If Nothing Else, Just This
No. 226: If Nothing Else, Just This; the Letter Project; Sister Corita Kent, Irene Lee, Filipino American Art Spaces, Janna Añonuevo Langholz, Nanook, and Avie Sheck & Uma
ART
Somebody (sorry, I forgot who) online—possibly more than one person—wrote that in times like these, if you are an artist of any sort, it’s important to keep going—no matter what you are creating. It’s important to nurture that exploratory sense, that imagination. Doesn’t matter if it’s abstract to the nth degree, conceptual, surreal, overtly political, or whatever. Hold and nurture that light. Recently, one phrase has been helpful:
“If nothing else, just this.”
In my last issue, I mentioned my friend Joan and her “Buson 100 challenge.” She passed away on Monday, January 19. I started my daily drawing practice that afternoon in gratitude to Joan (and to her poet-hero Buson).
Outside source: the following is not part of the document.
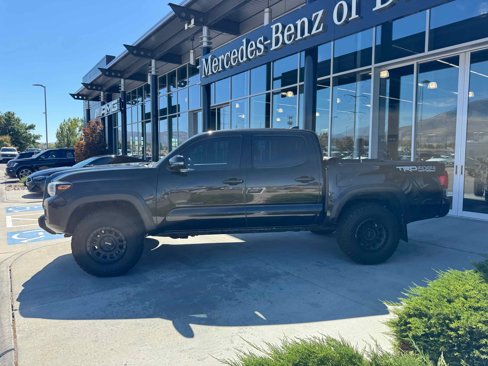 Used 2017 Toyota Tacoma SR image 3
There’s no pressure for me to make something great. Good, bad, terrible, beautiful are all fine in this process. The point is to just draw (or paint, or collage) something everyday on a small piece of paper roughly 4.5 x 6 inches. I’ve got a lot of 9 x 12 inch heavy paper that I want to use up by folding and cutting it into quarters. The size may vary slightly.
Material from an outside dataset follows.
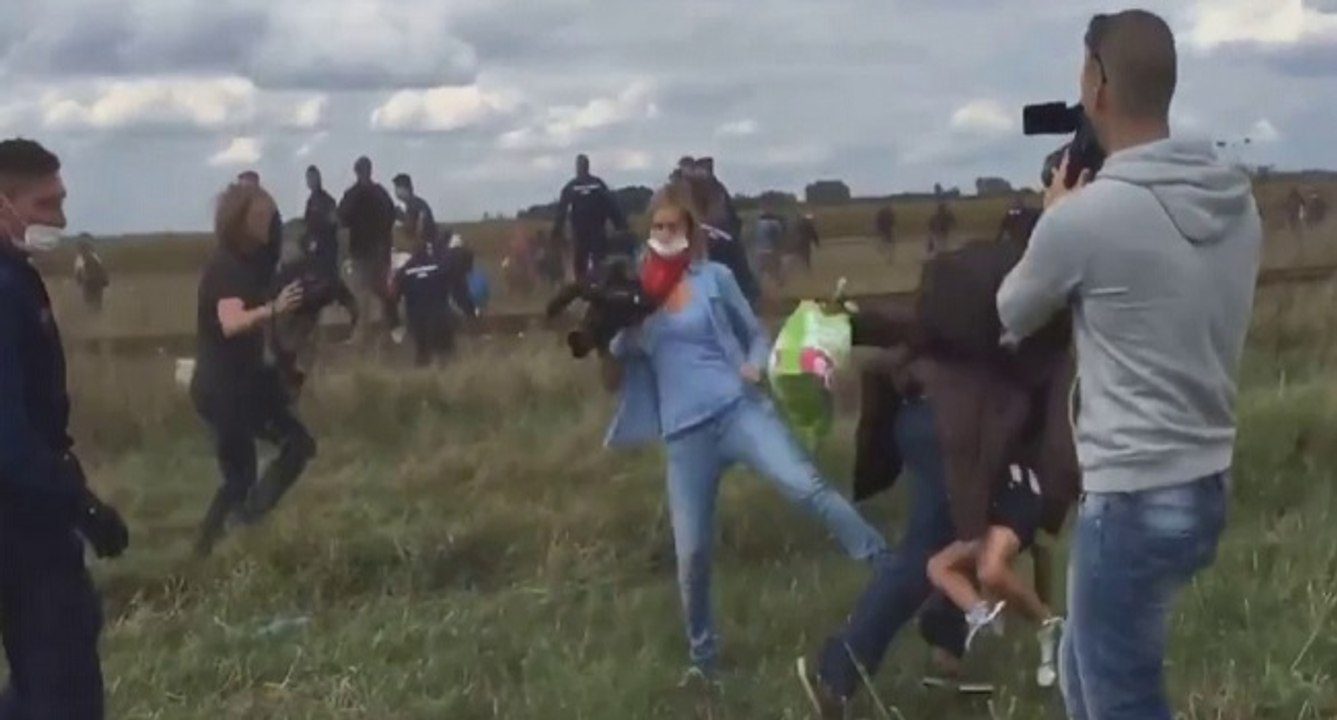 cameraman hongroise fait des crochets pieds à des migrants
Below are several of the drawings. They don’t have titles, just numbered and dated:

These small drawings are very different from the more abstract pieces I’ve been doing for the last few years. I don’t know why they’re coming up this way. One word suggests itself when I look at these: entanglement. Perhaps I’m more aware, these days, of how tangled I am in other’s lives.
LETTER PROJECT
As I wrote previously, 1959 was a terrible year for my mom and her family in the Philippines. Mom had a long-standing dental ailment (something that developed during the WWII siege of Manila, when many of its population were starving), and had to have all her teeth extracted and replaced with dentures. Both my grandmother and my youngest uncle’s wife, Lou, passed away rather unexpectedly—from cancer. Oscar, my father’s friend and brother of my Aunt’s husband, was murdered over a workplace conflict. My mom and I stayed at a friend’s house for a couple weeks while Mom nursed her grief.
By June, 1960, we were back to life as usual, more or less. From their letters, it seemed as though both my parents were trying to assuage their sadness through consumerism. My dad’s letter of June 7 announced to Mom that he was borrowing money in order to buy an expensive suit:
I guess you know already that I made up my mind to get the suit I told you about. I managed to borrow in order to pay for the suit. It’s going to be the best suit I ever had . . . In San Francisco, it would cost me around a hundred dollars. Anyway, I’m not buying anymore clothes. So, next pay day, you’ll get most of my paycheck. Okay, darling?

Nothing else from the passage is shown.